See original GitHub issue

TypeScript 3.7.2 Playground link

Compiler Options:

{
  "compilerOptions": {
    "noImplicitAny": true,
    "strictNullChecks": true,
    "strictFunctionTypes": true,
    "strictPropertyInitialization": true,
    "strictBindCallApply": true,
    "noImplicitThis": true,
    "noImplicitReturns": true,
    "useDefineForClassFields": false,
    "alwaysStrict": true,
    "allowUnreachableCode": false,
    "allowUnusedLabels": false,
    "downlevelIteration": false,
    "noEmitHelpers": false,
    "noLib": false,
    "noStrictGenericChecks": false,
    "noUnusedLocals": false,
    "noUnusedParameters": false,
    "esModuleInterop": true,
    "preserveConstEnums": false,
    "removeComments": false,
    "skipLibCheck": false,
    "checkJs": false,
    "allowJs": false,
    "experimentalDecorators": false,
    "emitDecoratorMetadata": false,
    "target": "ES2017",
    "module": "ESNext"
  }
}

Input:

let i: number | undefined;
i = 0;
let j:number = i+1; // works
(k: number) => k === i+1; // error: Object i is possibly undefined

Output:

"use strict";
let i;
i = 0;
let j = i + 1; // works
(k) => k === i + 1; // error: Object i is possibly undefined

Expected behavior:

The compiler should not complain about the last i+1 because it’s clearly a number type after assigning 0 to it.

I suspect the closure uses the type of i from the let statement and ignores it being narrowed down later on.

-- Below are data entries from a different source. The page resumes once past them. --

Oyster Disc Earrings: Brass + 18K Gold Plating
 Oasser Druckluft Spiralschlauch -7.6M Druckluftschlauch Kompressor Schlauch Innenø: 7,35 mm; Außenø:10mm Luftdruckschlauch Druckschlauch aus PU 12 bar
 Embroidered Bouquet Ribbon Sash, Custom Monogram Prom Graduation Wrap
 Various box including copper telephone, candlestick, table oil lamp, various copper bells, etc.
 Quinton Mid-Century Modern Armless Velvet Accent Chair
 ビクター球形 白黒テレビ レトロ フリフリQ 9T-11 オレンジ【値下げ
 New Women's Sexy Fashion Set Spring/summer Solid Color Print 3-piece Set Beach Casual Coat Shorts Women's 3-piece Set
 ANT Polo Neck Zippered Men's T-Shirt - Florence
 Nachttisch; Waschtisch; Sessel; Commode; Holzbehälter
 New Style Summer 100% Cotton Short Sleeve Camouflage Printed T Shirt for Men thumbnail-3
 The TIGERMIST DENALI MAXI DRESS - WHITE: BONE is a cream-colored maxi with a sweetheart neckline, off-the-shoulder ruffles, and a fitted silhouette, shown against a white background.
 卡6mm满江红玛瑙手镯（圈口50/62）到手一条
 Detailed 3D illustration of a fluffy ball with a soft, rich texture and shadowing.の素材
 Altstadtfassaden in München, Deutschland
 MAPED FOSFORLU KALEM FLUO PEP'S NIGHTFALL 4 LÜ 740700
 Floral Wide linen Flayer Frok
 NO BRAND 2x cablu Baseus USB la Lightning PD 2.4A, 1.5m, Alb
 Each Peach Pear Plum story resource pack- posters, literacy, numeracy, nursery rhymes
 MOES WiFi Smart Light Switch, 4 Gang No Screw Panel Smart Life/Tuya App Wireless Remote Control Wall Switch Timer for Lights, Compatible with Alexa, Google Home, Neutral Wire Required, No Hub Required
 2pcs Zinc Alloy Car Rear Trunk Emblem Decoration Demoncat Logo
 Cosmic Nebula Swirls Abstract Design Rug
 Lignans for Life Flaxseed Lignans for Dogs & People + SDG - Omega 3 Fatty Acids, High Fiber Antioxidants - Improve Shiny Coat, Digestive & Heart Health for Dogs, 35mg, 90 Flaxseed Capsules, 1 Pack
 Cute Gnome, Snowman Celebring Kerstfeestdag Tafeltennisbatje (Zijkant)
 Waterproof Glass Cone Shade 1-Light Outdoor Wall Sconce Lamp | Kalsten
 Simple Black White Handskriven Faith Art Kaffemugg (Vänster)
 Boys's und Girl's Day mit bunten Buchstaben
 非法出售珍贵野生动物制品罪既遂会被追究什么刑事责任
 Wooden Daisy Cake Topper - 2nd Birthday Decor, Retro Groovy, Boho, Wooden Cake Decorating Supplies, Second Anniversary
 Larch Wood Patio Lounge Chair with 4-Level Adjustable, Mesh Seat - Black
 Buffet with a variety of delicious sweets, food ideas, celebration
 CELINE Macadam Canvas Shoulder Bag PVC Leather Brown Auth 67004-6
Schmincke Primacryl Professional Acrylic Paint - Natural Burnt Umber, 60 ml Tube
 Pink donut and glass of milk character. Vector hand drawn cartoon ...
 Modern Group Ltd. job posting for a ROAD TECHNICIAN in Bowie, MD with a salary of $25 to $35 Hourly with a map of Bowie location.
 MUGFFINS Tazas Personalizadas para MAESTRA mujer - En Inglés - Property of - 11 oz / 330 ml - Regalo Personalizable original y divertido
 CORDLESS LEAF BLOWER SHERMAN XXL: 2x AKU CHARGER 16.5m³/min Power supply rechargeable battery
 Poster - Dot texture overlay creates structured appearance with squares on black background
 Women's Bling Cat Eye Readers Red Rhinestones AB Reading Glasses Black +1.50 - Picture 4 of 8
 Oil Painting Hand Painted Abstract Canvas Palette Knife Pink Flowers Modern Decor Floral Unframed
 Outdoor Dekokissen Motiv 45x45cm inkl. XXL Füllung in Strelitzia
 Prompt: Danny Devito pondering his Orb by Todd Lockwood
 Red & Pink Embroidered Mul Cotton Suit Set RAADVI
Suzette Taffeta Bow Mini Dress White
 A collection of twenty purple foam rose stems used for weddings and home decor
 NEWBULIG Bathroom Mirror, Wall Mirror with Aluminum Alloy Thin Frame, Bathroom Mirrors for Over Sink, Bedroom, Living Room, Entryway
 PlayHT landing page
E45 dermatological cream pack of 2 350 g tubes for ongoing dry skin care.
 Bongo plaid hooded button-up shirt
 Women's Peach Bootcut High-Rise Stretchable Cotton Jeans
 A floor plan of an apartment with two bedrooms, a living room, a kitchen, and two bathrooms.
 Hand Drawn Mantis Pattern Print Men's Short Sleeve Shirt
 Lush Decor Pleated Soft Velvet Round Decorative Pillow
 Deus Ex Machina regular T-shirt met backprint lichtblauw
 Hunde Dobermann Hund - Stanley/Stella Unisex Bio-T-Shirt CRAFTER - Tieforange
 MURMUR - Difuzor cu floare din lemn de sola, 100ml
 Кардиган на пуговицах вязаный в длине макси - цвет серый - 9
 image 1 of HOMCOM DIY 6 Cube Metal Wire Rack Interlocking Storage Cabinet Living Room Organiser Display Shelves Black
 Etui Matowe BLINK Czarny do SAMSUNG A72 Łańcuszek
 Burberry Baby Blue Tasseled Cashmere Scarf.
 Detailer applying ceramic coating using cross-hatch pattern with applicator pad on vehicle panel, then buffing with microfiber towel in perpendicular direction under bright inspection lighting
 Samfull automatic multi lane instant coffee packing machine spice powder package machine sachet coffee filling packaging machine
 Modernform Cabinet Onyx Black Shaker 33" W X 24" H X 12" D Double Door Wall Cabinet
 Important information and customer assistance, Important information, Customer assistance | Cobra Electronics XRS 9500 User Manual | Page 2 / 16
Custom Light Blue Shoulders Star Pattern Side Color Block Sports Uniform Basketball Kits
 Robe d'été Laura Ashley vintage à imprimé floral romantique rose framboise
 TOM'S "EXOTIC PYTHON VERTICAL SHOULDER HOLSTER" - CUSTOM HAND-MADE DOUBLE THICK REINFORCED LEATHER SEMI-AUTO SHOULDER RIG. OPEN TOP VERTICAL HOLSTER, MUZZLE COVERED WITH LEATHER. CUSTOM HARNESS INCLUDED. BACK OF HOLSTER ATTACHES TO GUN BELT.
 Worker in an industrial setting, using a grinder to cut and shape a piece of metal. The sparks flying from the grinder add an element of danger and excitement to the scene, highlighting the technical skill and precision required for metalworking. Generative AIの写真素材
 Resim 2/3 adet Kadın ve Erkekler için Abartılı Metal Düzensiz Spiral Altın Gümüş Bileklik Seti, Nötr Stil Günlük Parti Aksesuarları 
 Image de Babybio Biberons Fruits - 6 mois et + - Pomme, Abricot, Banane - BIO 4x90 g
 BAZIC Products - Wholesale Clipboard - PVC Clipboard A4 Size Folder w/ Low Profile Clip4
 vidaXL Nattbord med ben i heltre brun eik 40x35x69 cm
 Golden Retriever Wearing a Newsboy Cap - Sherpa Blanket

Is this expected behavior?

Issue Analytics

State:
Created 4 years ago
Reactions:1
Comments:12 (4 by maintainers)

Top GitHub Comments

3reactions

RyanCavanaughcommented, Nov 15, 2019

If I had to draw the most realistic picture of a warning on a closed-over variable that really shouldn’t exist, it’d look like this:

function makeAdder(n?: number) {
  n = n ?? 0;
  return (m: number) => n + m;
}

It seems like the rule is “If a closure is lexically after all assignments to a bare identifier, then the last narrowing can apply”.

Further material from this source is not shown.